There seems to be as many opinions/variations on this as there are possible options. I just found this site and I'm on my last week of radiation/chemo. I did a lot of research and a lot of discussion with the doc and arrived at the following.

Had squamous cell of the tongue, spread to 7 lymph nodes. For my particular case the advise from 2 ent's and the oncologist was surgery on the tonge to remove the primary tumour, plus radical neck dissection followed by radiation and Chemo from 2 docs, with the 3rd saying the concurrent chemo was not necessary.

Opted for the surgery (of course) then to follow with HFRT radiation twice a day for 5 days a week for 7 weeks, combined with Cisplatin of I think 9mg once a week during the 7 weeks, given early in the week.

Idea is that the Cisplatin not only has a systemic affect on the carcinoma, but also attenuates the effect of the RT so that it works better on the cancerous cells and doesn't destroy the good cells.
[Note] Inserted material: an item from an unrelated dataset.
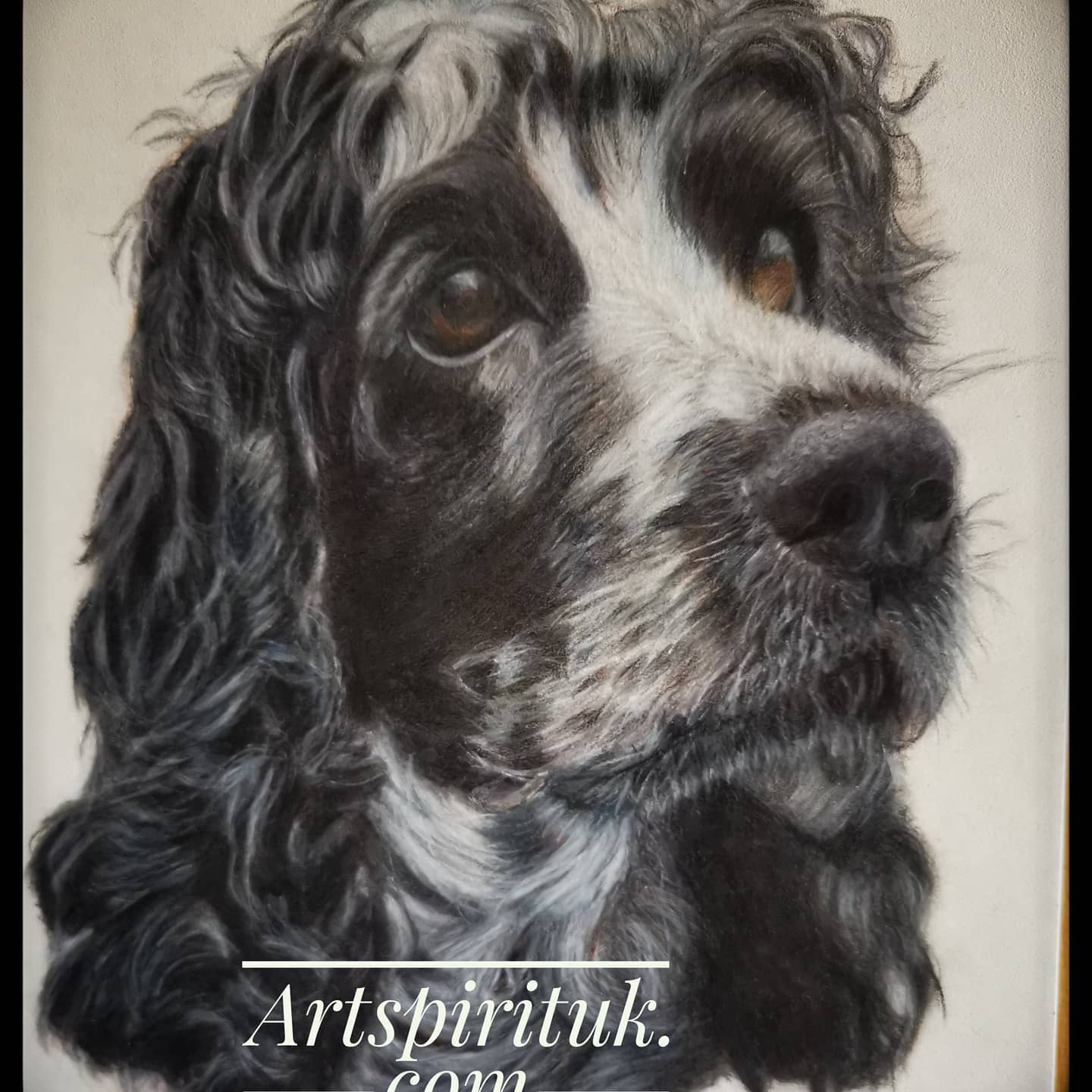 Here is my new colour pencil portrait on pastelmat. 9x13inch. Hope you all like it. 😊😊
Thinking about this all mecanically, how radiation is supposed to work, how the ciscplatin is suppsed to work, and looking at some studies, I felt this was the best way to go. So far not much side effects from the Chemo, a little heartburn for a couple of days after the session. The radiation however, WOW, If ther'e looking to cook me to well done, they've almost done it!! But I've still not experience the kind of pain/discomfort, damage that I've read about from some of the survivor's stories. I wonder if the machinery used makes that much difference. Anyway, I'm finding each case is highly individualized, and take everything you hear with a grain of salt.


SCC Tongue, stage IV diagnosed Sept, 2002, 1st radical neck dissection left side in Sept, followed by RAD/Chemo. Discovered spread to right side nodes March 2003, second radical neck dissection April, followed by more RAD/Chemo.